▶
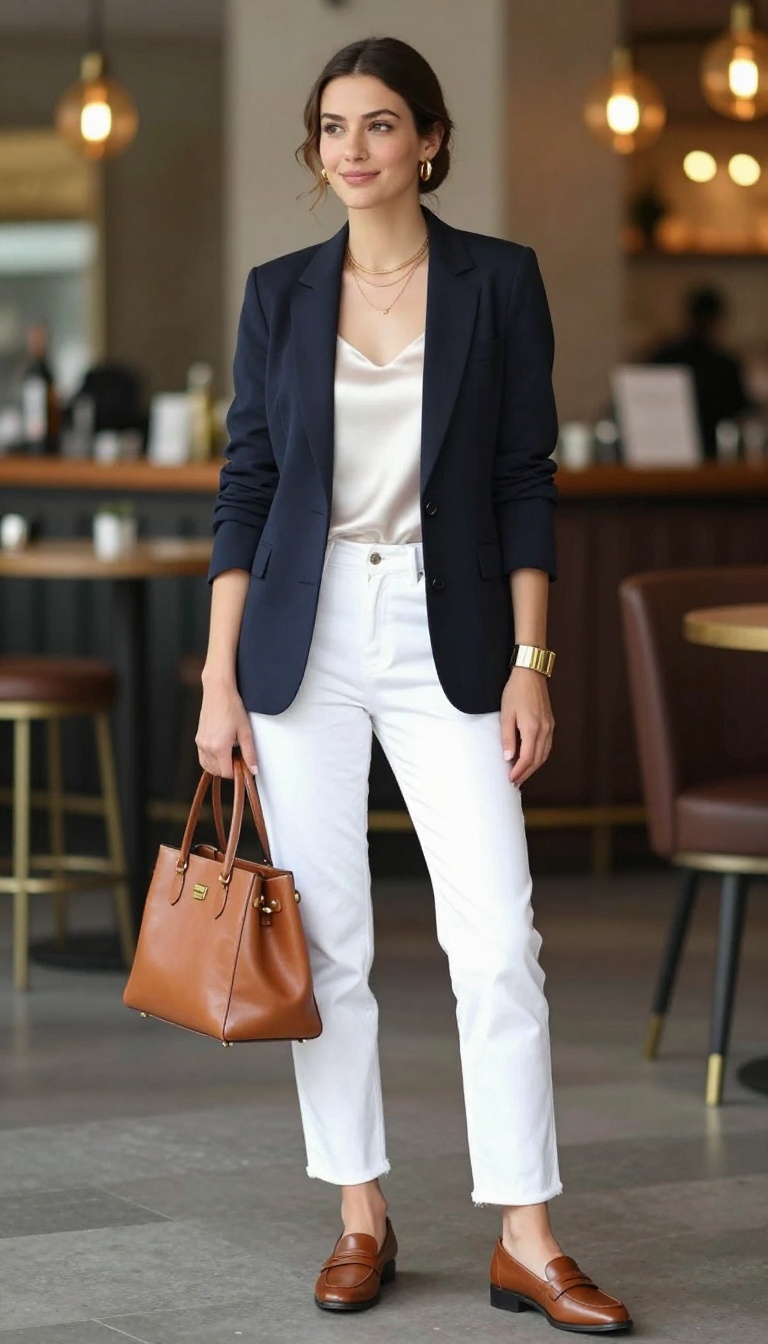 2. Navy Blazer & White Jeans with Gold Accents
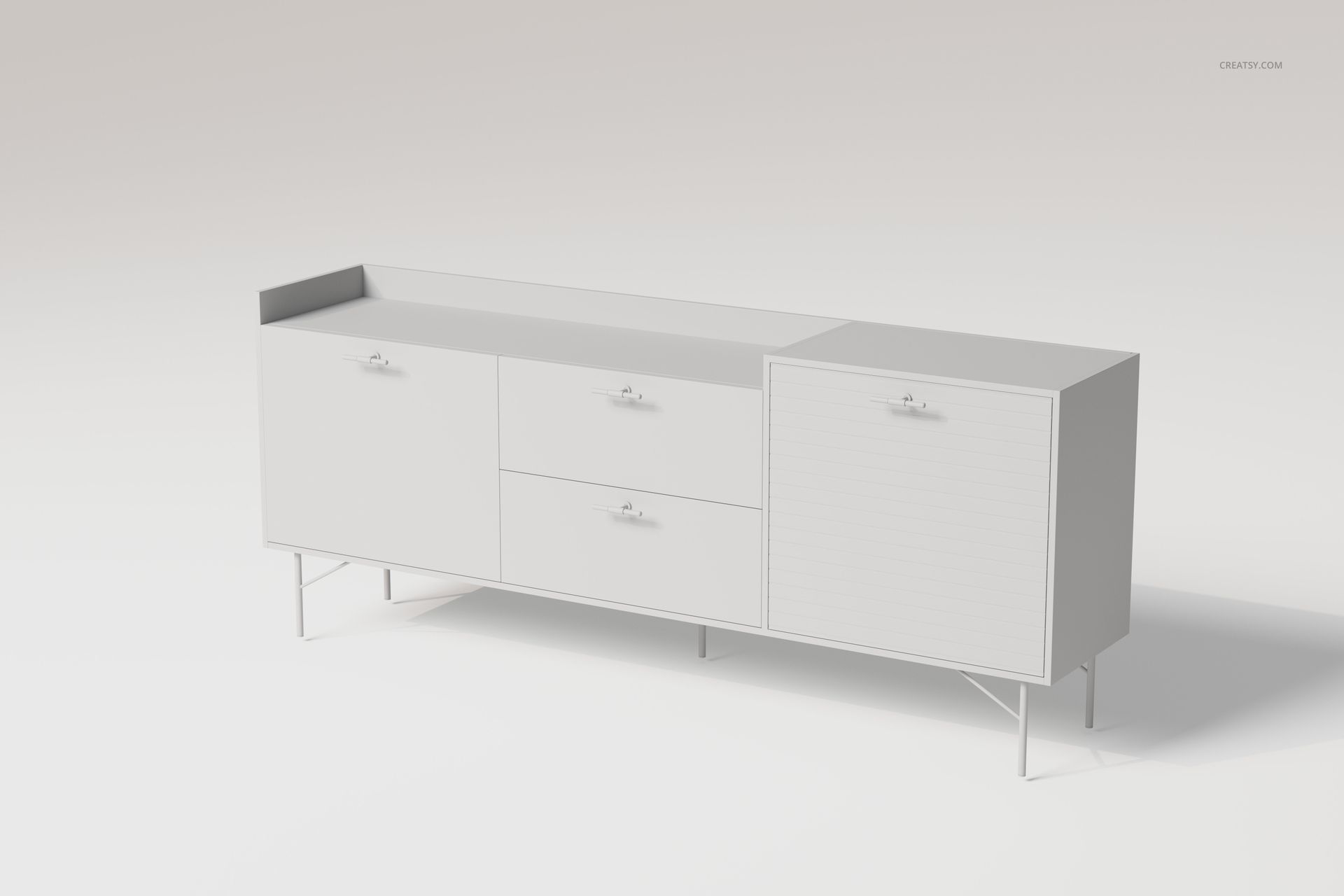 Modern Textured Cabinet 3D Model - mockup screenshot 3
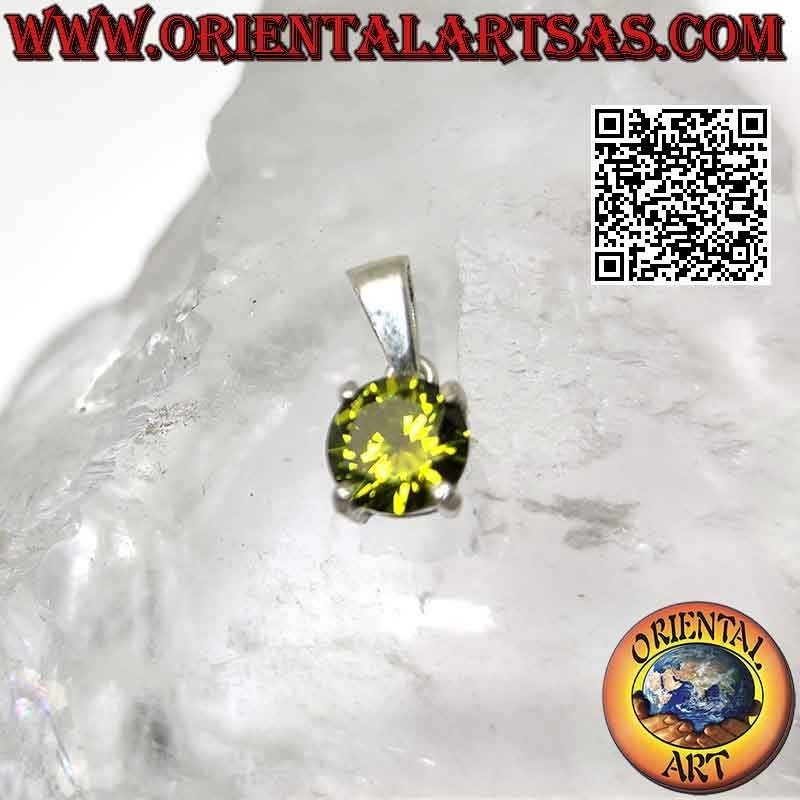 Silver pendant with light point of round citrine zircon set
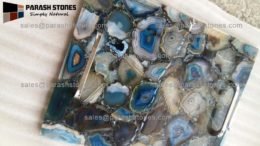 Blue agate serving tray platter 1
◀
▶
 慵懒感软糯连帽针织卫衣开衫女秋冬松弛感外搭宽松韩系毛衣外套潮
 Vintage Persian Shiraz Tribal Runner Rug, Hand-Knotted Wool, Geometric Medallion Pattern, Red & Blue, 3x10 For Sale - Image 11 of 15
◀
### DESCRIPTION OF THE TASK
In the material above, which lines fall between the one holding "2. Navy Blazer" and the one holding "Blue agate serving tray platter 1", inclusive? Print exactly those, with the pictures left out.

### TASK SOLUTION
 2. Navy Blazer & White Jeans with Gold Accents
 Modern Textured Cabinet 3D Model - mockup screenshot 3
 Silver pendant with light point of round citrine zircon set
 Blue agate serving tray platter 1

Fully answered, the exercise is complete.